Abstract

Objective — to reveal the effect of certain medicinal and non­medicinal factors that can be applied before and after the sclerotherapy procedure on the final result of the treatment. Materials and methods. The study included 104 patients aged 18 to 60 years who underwent sclerotherapy for the treatment of telangiectasias and reticular varicosities of the lower extremities. Patients were divided into subgroups depending on the appointment of phlebotonics and external means after the procedure. Results were evaluated 1, 3, and 6 months after treatment. Results and discussion. According to the self-assessment of patients, the best cosmetic result was achieved in the subgroup that used phlebotonics in combination with external therapy with heparin sodium gel, compared to the subgroups in which phlebotonics were not prescribed (p < 0.01). In the subgroup where only phlebotonics were used, the result was also better compared to the subgroups in which phlebotonics were not prescribed (p = 0.03; p < 0.01).
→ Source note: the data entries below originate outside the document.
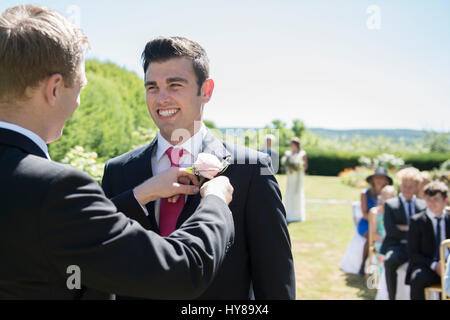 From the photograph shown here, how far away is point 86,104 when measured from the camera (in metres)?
9.77

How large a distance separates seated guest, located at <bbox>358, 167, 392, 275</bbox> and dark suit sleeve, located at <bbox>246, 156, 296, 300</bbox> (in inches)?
263

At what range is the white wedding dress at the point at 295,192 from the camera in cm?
1309

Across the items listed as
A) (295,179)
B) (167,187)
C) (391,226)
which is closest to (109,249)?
(167,187)

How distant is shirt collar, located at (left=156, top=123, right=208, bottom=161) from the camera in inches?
99.0

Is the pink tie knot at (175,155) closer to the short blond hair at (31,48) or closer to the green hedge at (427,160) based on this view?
the short blond hair at (31,48)

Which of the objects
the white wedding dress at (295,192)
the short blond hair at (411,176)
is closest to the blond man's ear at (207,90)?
the short blond hair at (411,176)

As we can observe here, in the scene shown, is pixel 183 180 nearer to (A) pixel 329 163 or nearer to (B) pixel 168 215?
(B) pixel 168 215

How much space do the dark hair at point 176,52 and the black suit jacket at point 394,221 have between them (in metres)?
5.28

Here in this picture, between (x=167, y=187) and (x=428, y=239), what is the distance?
5.07 metres

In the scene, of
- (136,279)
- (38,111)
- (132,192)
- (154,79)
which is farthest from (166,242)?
(154,79)

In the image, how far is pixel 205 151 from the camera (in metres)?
2.47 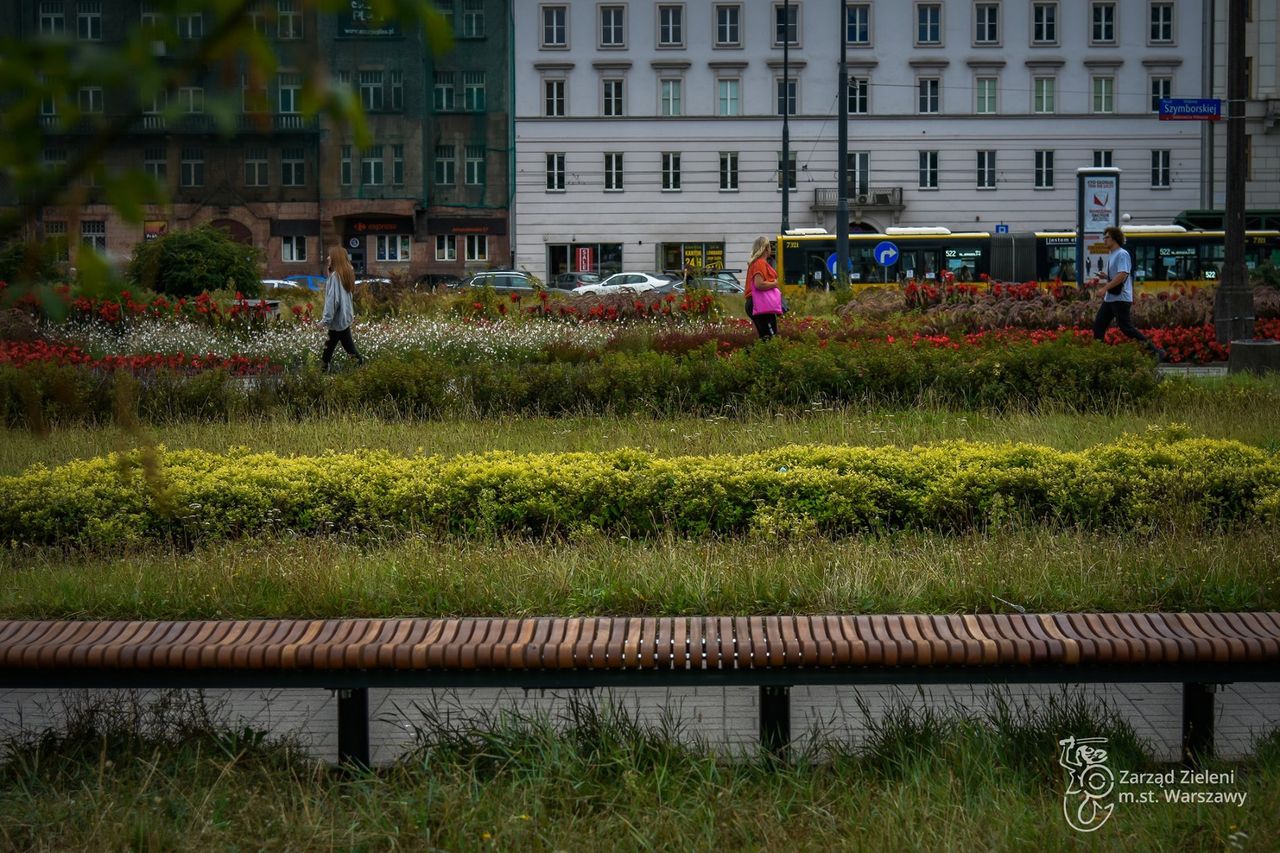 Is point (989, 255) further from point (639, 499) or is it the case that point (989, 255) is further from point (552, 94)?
point (639, 499)

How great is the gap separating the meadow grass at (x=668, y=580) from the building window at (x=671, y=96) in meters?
57.4

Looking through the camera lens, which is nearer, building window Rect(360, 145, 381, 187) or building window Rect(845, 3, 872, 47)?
building window Rect(360, 145, 381, 187)

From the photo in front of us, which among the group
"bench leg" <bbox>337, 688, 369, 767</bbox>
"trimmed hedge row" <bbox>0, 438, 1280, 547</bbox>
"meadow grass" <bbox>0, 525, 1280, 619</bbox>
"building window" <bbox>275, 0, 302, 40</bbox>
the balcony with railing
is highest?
the balcony with railing

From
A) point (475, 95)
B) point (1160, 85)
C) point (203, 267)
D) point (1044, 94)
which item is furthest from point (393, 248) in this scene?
point (203, 267)

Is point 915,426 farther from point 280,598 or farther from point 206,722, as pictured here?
point 206,722

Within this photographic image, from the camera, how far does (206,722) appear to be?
5223 mm

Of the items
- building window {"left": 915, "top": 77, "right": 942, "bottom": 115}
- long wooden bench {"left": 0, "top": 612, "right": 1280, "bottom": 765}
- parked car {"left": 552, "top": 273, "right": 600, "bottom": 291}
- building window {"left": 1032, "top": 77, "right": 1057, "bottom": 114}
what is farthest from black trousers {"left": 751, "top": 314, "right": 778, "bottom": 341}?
building window {"left": 1032, "top": 77, "right": 1057, "bottom": 114}

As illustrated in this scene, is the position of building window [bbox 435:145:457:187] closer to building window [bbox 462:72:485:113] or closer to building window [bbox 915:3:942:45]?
building window [bbox 462:72:485:113]

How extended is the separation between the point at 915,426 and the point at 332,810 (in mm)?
8119

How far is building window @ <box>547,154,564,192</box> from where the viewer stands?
207ft

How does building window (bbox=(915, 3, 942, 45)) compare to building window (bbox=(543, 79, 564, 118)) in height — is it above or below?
above

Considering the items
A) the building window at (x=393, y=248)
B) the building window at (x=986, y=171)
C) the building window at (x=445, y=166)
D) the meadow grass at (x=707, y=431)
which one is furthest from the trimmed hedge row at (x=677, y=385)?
the building window at (x=986, y=171)

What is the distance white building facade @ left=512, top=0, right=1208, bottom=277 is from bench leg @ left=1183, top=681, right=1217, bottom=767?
57.6 metres

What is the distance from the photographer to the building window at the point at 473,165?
62.8m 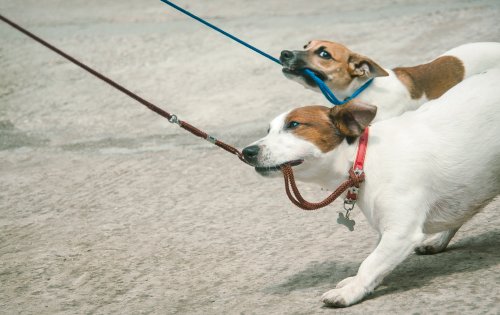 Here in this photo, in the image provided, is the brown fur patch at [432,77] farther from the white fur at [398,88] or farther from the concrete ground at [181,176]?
the concrete ground at [181,176]

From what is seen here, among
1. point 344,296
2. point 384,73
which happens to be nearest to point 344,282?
point 344,296

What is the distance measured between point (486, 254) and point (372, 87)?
75.6 inches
Self-administration of sodium heparin gel did not provide a statistically significant improvement when comparing the subgroups (p = 0.26). No statistically significant difference in disease recurrence was found between the subgroups (p = 0.729). Conclusions. Ultrasound Doppler mapping with a detailed definition of the feeding sources of the reticular veins and telangiectasias allows determining the optimal stages of treatment to prevent the recurrence of the disease. The appointment of phlebotonics in the post­procedure period has a positive effect on the cosmetic result of sclerotherapy, especially in combination with external therapy with heparin sodium salt gel (p < 0.01). The use of phlebotonics and gel with heparin sodium salt does not affect the number of relapses of the disease (p = 0,729), which is probably due to the technical impossibility of detecting feeding sources in the pre­procedural period.